There are answers to the life on the road you'd only know if you've hit the road yourself. But sometimes a hearty conversation can direct you away from doubt and the unrealistic expectations you have from a life of travel.
This time my conversation was with The Conversationalist himself. Daniel Baylis, author of the refreshing bestseller, The Traveller: Notes from an Imperfect Journey Around the World, is here with the Tripoto wanderers this time. Here's my conversation with him.
1. Hi Daniel. Welcome to the Tripoto community! Please introduce yourself and tell us about your travels.
Thanks. I’m Daniel, a Canadian writer and adventurer. A few years ago, I embarked upon a yearlong, round-the-world trip where I attempted to be helpful in the various communities I visited. In the past, I was a semi-prolific blogger, but these days I’m more interested in both long-form travel and long-form storytelling. My most recent project was a 900+ kilometre walk across Israel and Palestine.
2. Tell us about your first travel memory and how 'the imperfect journey' around the world started?
My first travel memory is sitting in the backseat of my family’s big blue Ford truck, driving to a lake with the camper and a canoe. Both my parents were teachers, so during the summers my family went on adventures around province of British Columbia (Canada). These were early lessons in exploration.
In terms of my yearlong imperfect journey, it was catalyzed from desire to see the world. As I headed into my late twenties, I began to realize that I had not yet travelled to the extent I had imagined I would. In order to become the “intrepid adventurer” that I always aspired to be, I decided to take action. On the eve of my thirtieth birthday, I left my job and my rent-controlled apartment to tackle a year of exploration.
3. For most of us travelling full-time seems like an unrealistic goal to achieve. How did you afford the trips to 12 countries in 12 months?
It’s not easy. I worked for two years to save money, plus I obtained a loan from the bank. I believe travel is as valid as formal education, thus I was willing to incur debt. That said, with a willingness to be frugal, travel is not as expensive as one might imagine. Part of the design of my trip was to exchange work for food and accommodation. Sometimes this was successful, and sometimes it wasn’t. But ultimately, I was able to keep my costs minimal.
4. Please share the ups and downs of long term travelling and blogging with our community.

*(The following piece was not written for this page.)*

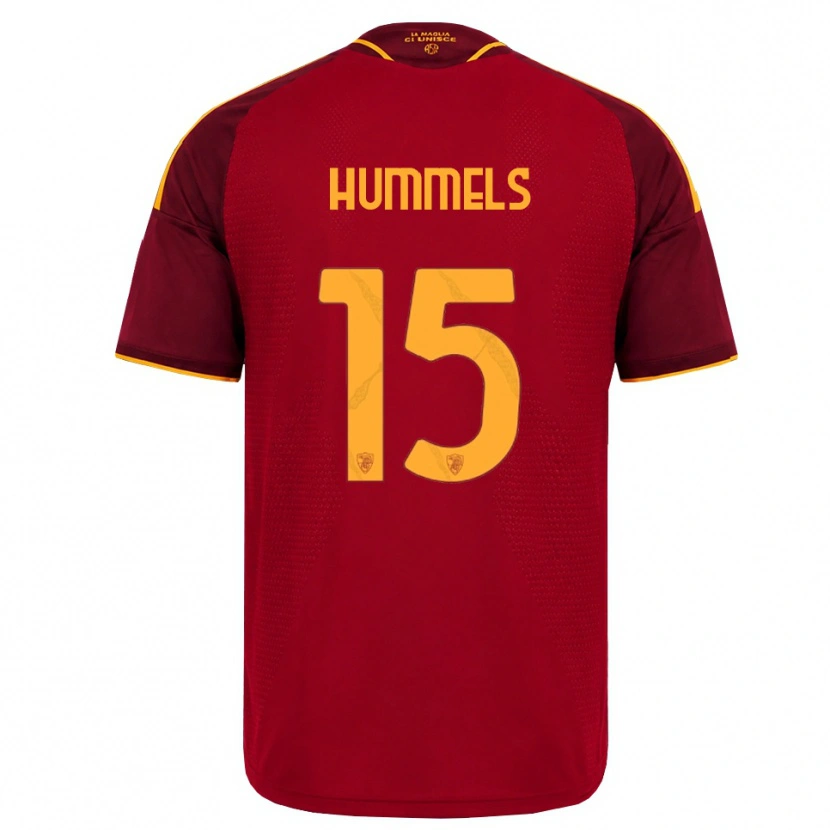 Danxen Herren Mats Hummels #15 Rot Gold Gelb Heimtrikot Trikot 2026/27 T-Shirt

For your readers who are interested in the ups and downs of long-term travel, I strongly recommend my book!
Here's the link!
5. In your blog you said, "It's a common misconception that ‘travel’ and ‘work’ are mutually exclusive options." Could you please elucidate?
Sure. While I was travelling, I was working. During the entire year, I volunteered on farms, restoration projects, schools — even a festival. This work-exchange approach is not glamorous, but it enables a traveller to stay on the road for a longer period of time. On top of these projects, I was documenting my journey through written articles, photos and videos. In terms of creative output, it was probably the most productive year of my life.
6. You have volunteered across countries and taken a step forward to give back. How essential do you think it is to take time out and volunteer responsibly?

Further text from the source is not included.